(RECORDS FOR PROCESSING Opens)

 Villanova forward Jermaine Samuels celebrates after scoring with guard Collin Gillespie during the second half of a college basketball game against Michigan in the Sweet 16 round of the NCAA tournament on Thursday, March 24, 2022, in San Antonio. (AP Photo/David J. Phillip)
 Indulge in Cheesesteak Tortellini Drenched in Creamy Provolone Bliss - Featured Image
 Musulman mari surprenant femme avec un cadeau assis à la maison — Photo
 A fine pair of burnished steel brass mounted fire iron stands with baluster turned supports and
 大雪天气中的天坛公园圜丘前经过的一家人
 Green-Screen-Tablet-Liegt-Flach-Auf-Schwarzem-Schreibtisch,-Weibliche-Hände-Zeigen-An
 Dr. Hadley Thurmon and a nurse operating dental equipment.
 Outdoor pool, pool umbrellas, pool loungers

(RECORDS FOR PROCESSING Closes)
(RECORDS FOR PROCESSING Opens)

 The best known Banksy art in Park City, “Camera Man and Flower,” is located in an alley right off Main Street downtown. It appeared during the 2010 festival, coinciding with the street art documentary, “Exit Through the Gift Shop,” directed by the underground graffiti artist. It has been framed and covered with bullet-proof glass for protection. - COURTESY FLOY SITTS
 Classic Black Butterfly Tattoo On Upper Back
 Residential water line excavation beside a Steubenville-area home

(RECORDS FOR PROCESSING Closes)
(RECORDS FOR PROCESSING Opens)

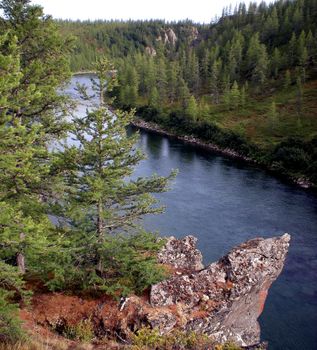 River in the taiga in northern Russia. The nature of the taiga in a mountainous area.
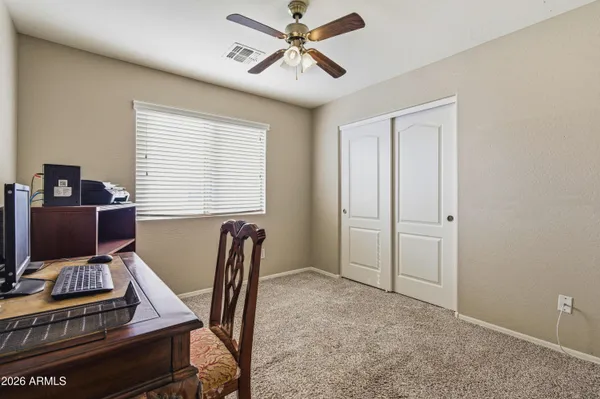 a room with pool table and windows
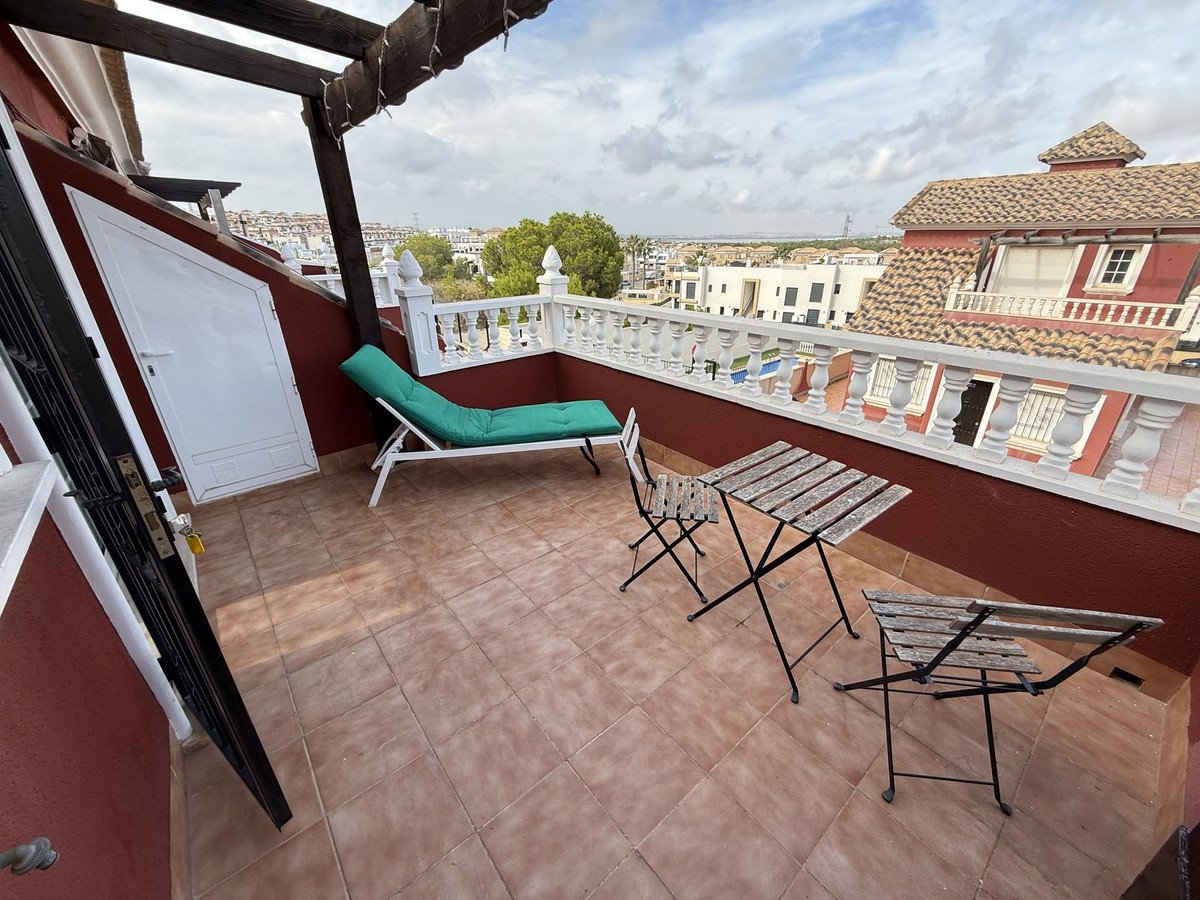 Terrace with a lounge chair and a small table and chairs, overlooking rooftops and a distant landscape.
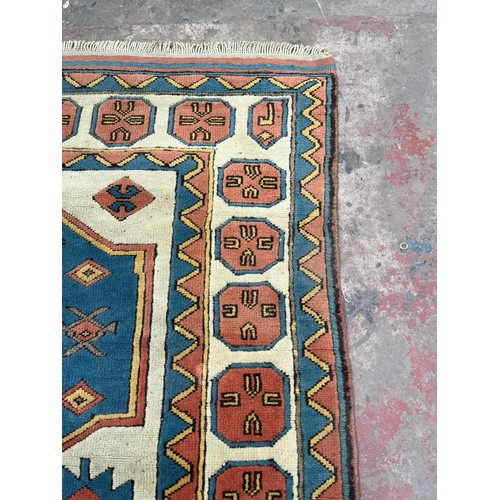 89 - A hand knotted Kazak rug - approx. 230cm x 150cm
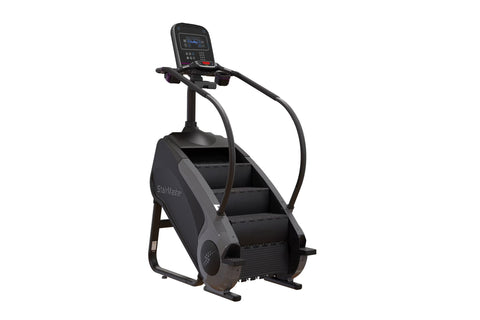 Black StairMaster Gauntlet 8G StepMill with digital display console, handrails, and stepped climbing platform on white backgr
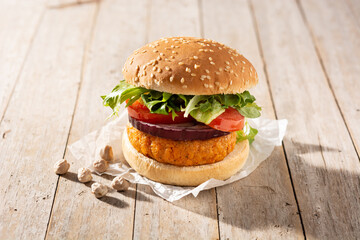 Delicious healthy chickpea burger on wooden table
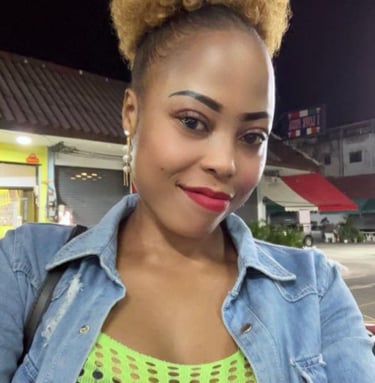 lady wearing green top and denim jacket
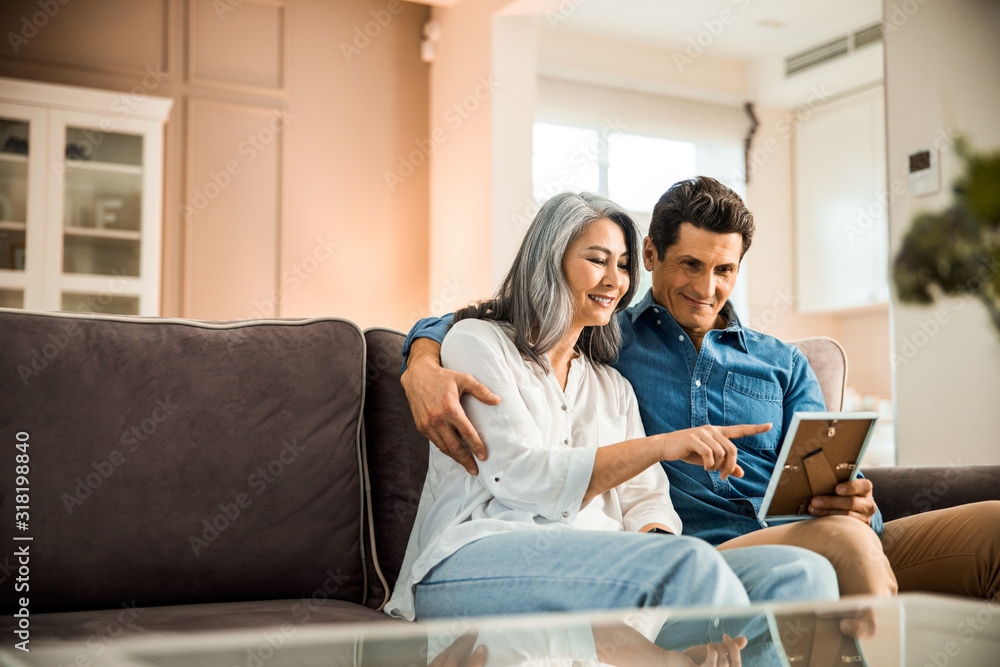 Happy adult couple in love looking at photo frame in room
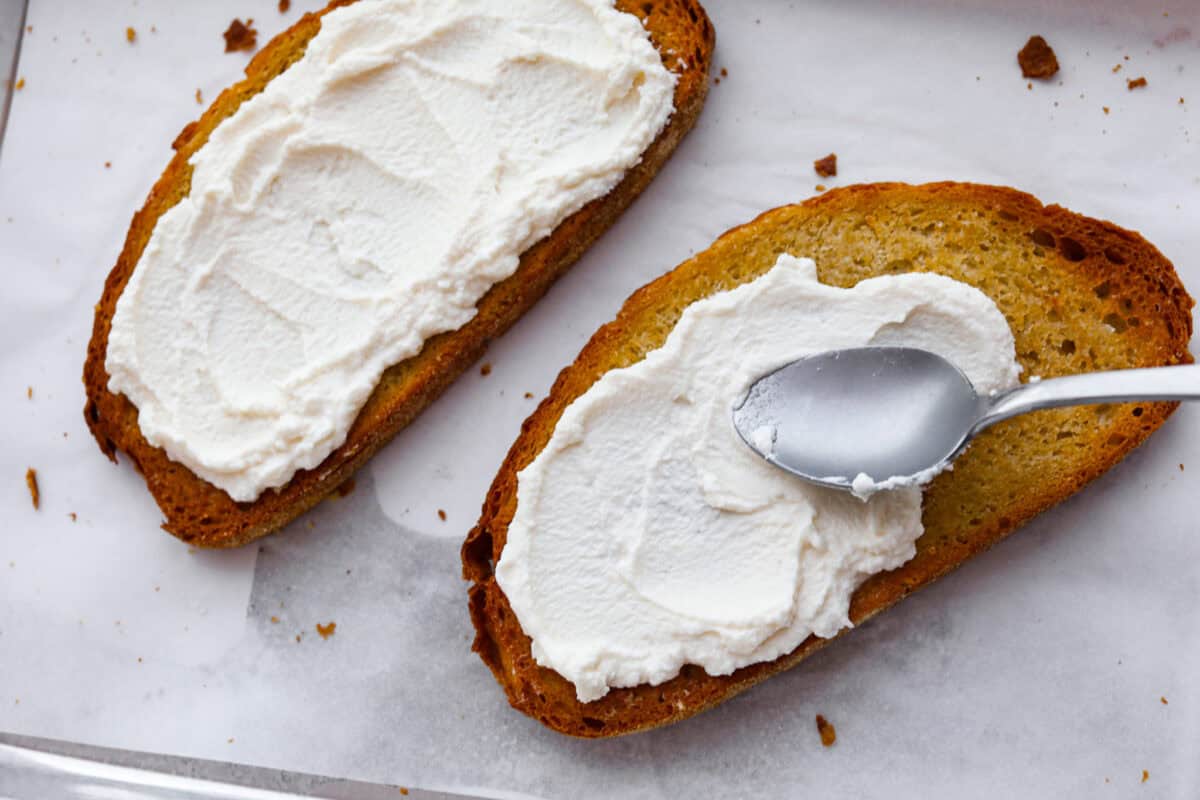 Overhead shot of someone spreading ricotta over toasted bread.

(RECORDS FOR PROCESSING Closes)

ABOUT THIS TASK: Return only the part above that opens with the line containing "Delicious healthy chickpea" and closes with the line containing "Overhead shot of", exactly and with both ends, skipping the pictures.

ANSWER FOR THIS EXERCISE:
 Delicious healthy chickpea burger on wooden table
 lady wearing green top and denim jacket
 Happy adult couple in love looking at photo frame in room
 Overhead shot of someone spreading ricotta over toasted bread.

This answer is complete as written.